TN-Bench -- An OpenSource Community TrueNAS Benchmarking and Testing Utility

Reran the tests last night and this time it exited nicely, complete with a functioning output file. Do you want me to send it to you, Nick?

One of the things to consider for future editions is whether UUIDs, system names, etc. should be omitted, especially if this is to become a effort where more people participate. The current output file is a very verbose setting, you may consider creating a second output file option without the benefit / complexity of json that only lists the essentials.

I think I answer your question here:

Basically, ARC exists. Why should we run from it? I merely put breadcrumbs for those who want to pretend ARC does not exist.

According to the docs, it can’t be below 64MB (because 64MB ought to be enough for anybody). Moreover, they state:

It cannot be set back to 0 while running and reducing it below the current ARC size will not cause the ARC to shrink without memory pressure to induce shrinking.

The above is why my doc indicates you need to restart after setting it back to 0.

Up to you, is there a question you have about the result?

Yes, and this is an interesting topic.

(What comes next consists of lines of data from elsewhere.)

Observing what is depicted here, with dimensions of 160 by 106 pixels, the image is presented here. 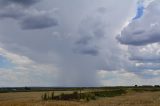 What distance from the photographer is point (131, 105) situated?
51594 mm

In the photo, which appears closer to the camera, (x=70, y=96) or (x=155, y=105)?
(x=155, y=105)

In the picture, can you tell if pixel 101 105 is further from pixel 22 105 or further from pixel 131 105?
pixel 22 105

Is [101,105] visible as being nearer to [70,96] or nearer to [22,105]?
[22,105]

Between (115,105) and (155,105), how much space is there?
5565mm

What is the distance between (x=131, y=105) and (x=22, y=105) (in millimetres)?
15158

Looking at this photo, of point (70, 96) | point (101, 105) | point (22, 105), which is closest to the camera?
point (22, 105)

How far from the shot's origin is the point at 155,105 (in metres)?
50.4

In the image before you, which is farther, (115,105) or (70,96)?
(70,96)

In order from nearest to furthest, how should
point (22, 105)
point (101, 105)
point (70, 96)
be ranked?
1. point (22, 105)
2. point (101, 105)
3. point (70, 96)

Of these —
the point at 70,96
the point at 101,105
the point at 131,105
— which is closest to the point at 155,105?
the point at 131,105

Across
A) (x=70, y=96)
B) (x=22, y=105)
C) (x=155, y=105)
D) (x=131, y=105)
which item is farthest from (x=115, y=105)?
(x=70, y=96)

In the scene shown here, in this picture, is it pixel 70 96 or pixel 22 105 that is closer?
pixel 22 105

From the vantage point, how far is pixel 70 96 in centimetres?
8806

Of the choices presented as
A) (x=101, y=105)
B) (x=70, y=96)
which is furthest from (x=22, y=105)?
(x=70, y=96) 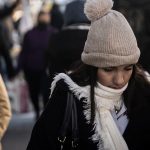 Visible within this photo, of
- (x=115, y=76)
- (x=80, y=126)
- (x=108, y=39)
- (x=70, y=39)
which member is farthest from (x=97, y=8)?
(x=70, y=39)

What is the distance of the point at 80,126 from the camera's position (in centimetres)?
336

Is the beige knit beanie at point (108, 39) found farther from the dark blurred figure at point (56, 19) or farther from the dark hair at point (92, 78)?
the dark blurred figure at point (56, 19)

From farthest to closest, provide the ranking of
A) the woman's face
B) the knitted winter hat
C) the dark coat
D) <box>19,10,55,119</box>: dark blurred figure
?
<box>19,10,55,119</box>: dark blurred figure
the knitted winter hat
the dark coat
the woman's face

I have thought about this alot, and I have not yet decided on the exact direction.

For now:

  1. The standard output in the terminal window is designed to be human readable and easily parsed as the script runs. The output is very verbose intentially, because things tend to break more often on a system with hardware problems when under load :wink:
    Generating a results file mid-stream may not be possible, since I am doing math on the backend. I would prefer not generating incomplete output files, but for debugging purposes I can consider.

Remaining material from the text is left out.